He had swelling to his right eye and scratches from his forehead to his ear. He sustained
multiple cuts to various parts of his body and multiple stab wounds to his back. In
consequence of his experience the complainer has suffered flashbacks, nightmares, anxiety
attacks and panic attacks. He is scared and suicidal.
[11]       The complainer provided a description of the three men to the police but he was
unable to identify any of them.
[12]       In support of the complainer’s evidence as to a crime having been committed, there
was evidence from Selina King of seeing the men entering the house uninvited and hearing
one of them shouting give me the drugs. There was also the evidence of PC Jayne
Forman, the first police officer on the scene.
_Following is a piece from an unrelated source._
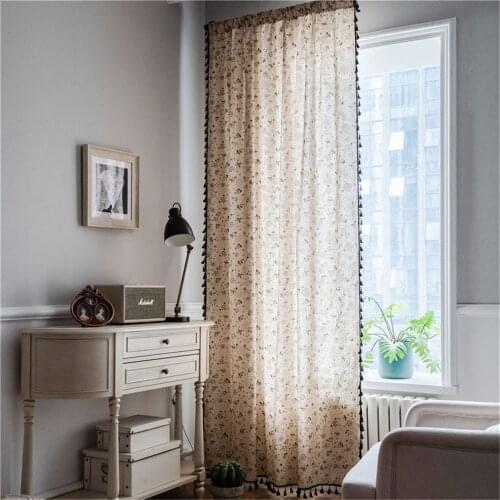 1.5M Width Dandelion Small Tree Printing Curtain Black Tassel Living Room Curtain Cotton Linen Semi-shading Bay Window Curtain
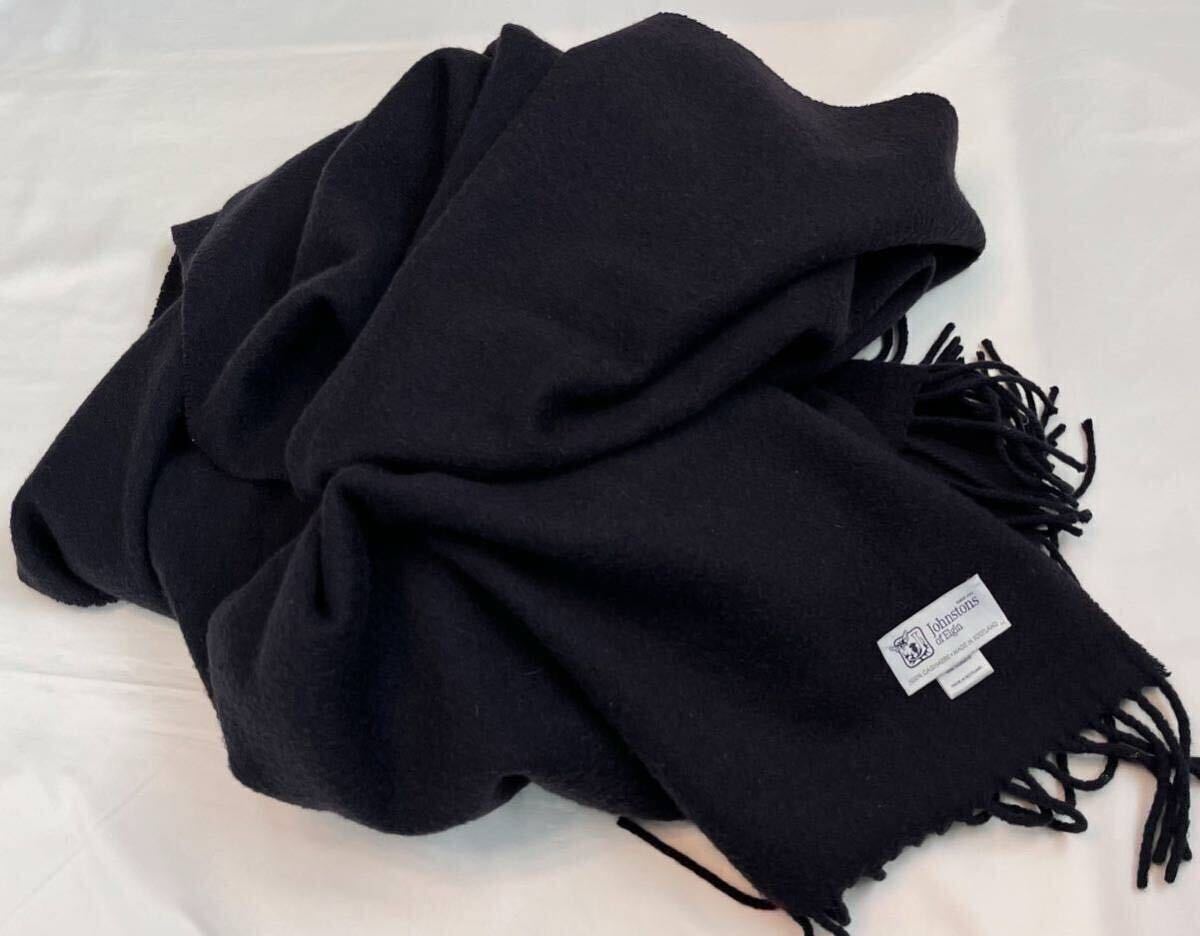 ジョンストンズ カシミヤ 大判ストール CASHMERE ネイビー系 ジョンストンズ カシミヤ 大判ストール CASHMERE ネイビー系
She confirmed the obvious injuries to the
complainer (the nature and extent of which were agreed by joint minute). She confirmed the
damage to the house. There was evidence of the complainer’s blood on a number of
surfaces.
[13]       Selina King’s evidence also had a bearing on the number and involvement of the
attackers. The trial judge reports her evidence as her speaking to having “fled the locus on
seeing the men entering his house uninvited and hearing one of them shouting ‘give me the
drugs’”. The advocate depute when addressing the jury summarised Selina King’s evidence
as including an “indication that there were a number of men burst in through the door
together, possibly four or even five.”
[14]       At the end of the incident, Selena King looked out of her kitchen window. She heard
a car revving, and saw it taking off. The colour of the car was “grey, blue, greenish”.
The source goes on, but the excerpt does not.